SlurrerOfSpeech said:
However I'm not sure I have become faster at delivering work items.
I won't say you should necessarily, as long as the work items are quite or vastly different from what you have already developed and for the time span you talk about. Software development skills need a lot of time to mature but the whole thing is also very dependent on specific factors, which would make for a very long discussion.
SlurrerOfSpeech said:
It used to be that someone gives me a business problem and I could whip out a solution that works, although my code was "bad." Now it takes me the same amount of time, but my code has 100 layers of abstraction over the concrete business problem. This is all very "good" code as it can be justified with "We can easily swap out some dependency and it will still work," but I question whether this future-proofing pays off on average.

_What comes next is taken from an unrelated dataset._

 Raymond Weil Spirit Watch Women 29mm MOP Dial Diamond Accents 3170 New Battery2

A solution that works but written using "bad" code - I assume this to mean not thoroughly thought /designed and / or tested and / or documented, won't give a brilliant future to your application and I think it's needless to say why as it is very obvious. On the other hand, giving an unnecessary lot of layers of abstraction without the
appropriate design work beforehand, is also a call for trouble. Abstraction is neither for free nor of low price, generally speaking.

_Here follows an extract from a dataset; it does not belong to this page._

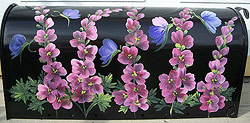Pink Delphiniums Mailbox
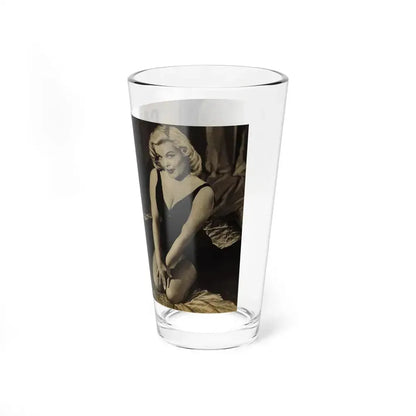 Cleo Moore #144 - Glamorous Models Mag. '54 - 1 B&W Photo (Vintage Female Icon) Pint Glass 16oz - Go Mug Yourself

It definitely helps towards having code that can be modified / adapted without lots of effort and in a number of other things as well, but overdoing it will have performance costs - to say the least, and finally will lead to a complex piece of code for which it is many times very questionable if it is reasonably inside the demands and the constraints of the solution needed. Unfortunately, it is very evident that software development has followed this trend in many kinds of applications. Leaving aside the professional reasons that justify this, including protection of intellectual property, I think that the whole thing goes out of hand in a vast number of cases.
Now, for the question of future-proofing, I would say that in most cases it pays off on average, as long as the client remains inside the boundaries of what he / she has initially asked for. As
@PeroK says, don't be surprised if the client asks for something that will essentially cancel future proofing. So, I think that keeping reasonable measures is the best thing to do.